DATASET EXCERPTS:
──────

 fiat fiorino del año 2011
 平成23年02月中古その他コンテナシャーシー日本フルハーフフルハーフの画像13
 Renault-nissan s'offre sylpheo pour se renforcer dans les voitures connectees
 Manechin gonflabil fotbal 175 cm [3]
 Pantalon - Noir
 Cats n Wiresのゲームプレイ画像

──────

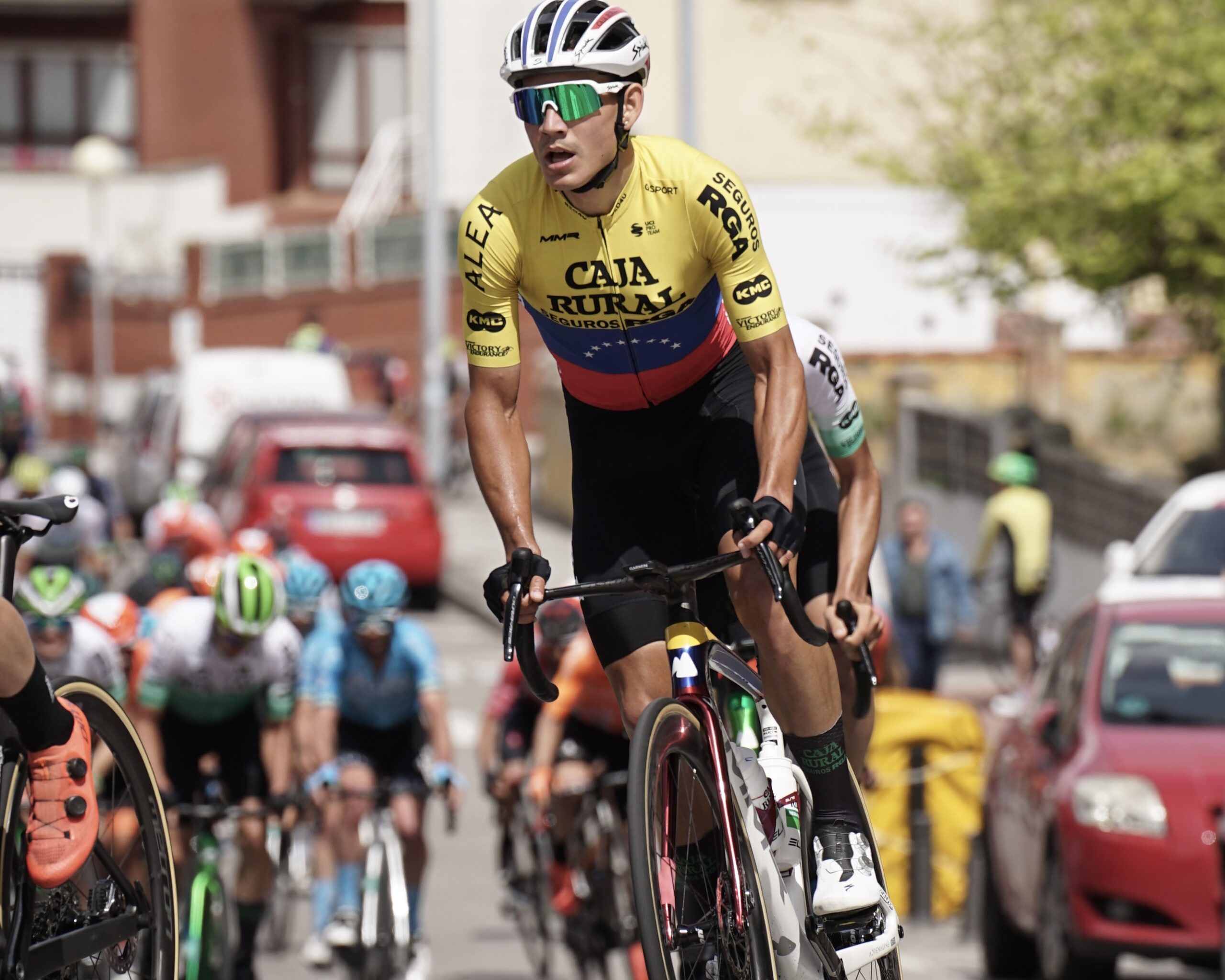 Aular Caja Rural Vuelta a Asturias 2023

──────

WHAT THE TASK REQUIRES: Out of the data above, transcribe exactly and only the lines starting with the line that has "Manechin gonflabil fotbal 175 cm [3]" and going on through the line that has "Cats n Wiresのゲームプレイ画像", both included.

THE COMPLETED TASK:
 Manechin gonflabil fotbal 175 cm [3]
 Pantalon - Noir
 Cats n Wiresのゲームプレイ画像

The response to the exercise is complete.